• **Entries shown**:
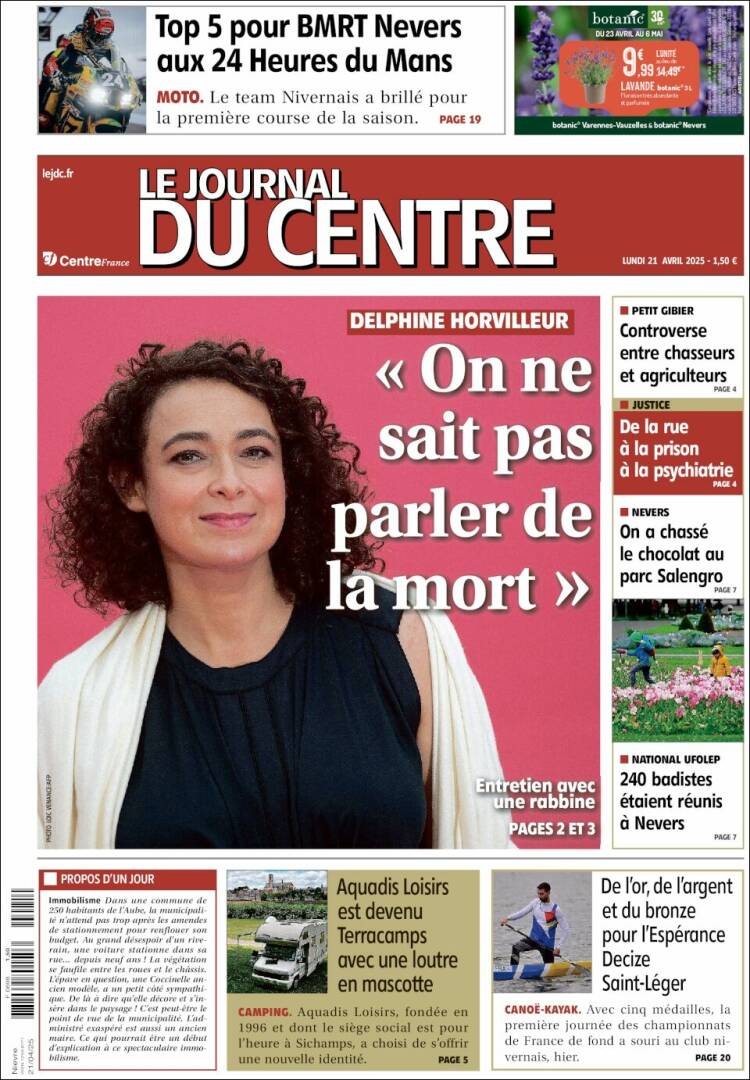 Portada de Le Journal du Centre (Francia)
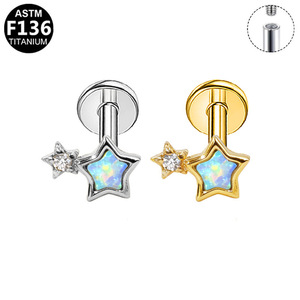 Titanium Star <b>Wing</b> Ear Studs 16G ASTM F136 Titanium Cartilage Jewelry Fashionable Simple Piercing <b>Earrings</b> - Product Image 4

...

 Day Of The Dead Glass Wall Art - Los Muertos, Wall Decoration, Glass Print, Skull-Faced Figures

---

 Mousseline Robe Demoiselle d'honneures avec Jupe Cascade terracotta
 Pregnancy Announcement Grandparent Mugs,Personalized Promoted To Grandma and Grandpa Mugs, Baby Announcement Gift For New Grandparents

• **Exercise instructions**:
If a picture sits between the line containing "Portada de Le Journal du Centre (Francia)" and the line containing "Titanium Star <b>Wing</b>", leave it out, and return the lines of that range above exactly, both ends included.

• **Exercise answer**:
 Portada de Le Journal du Centre (Francia)
 Titanium Star <b>Wing</b> Ear Studs 16G ASTM F136 Titanium Cartilage Jewelry Fashionable Simple Piercing <b>Earrings</b> - Product Image 4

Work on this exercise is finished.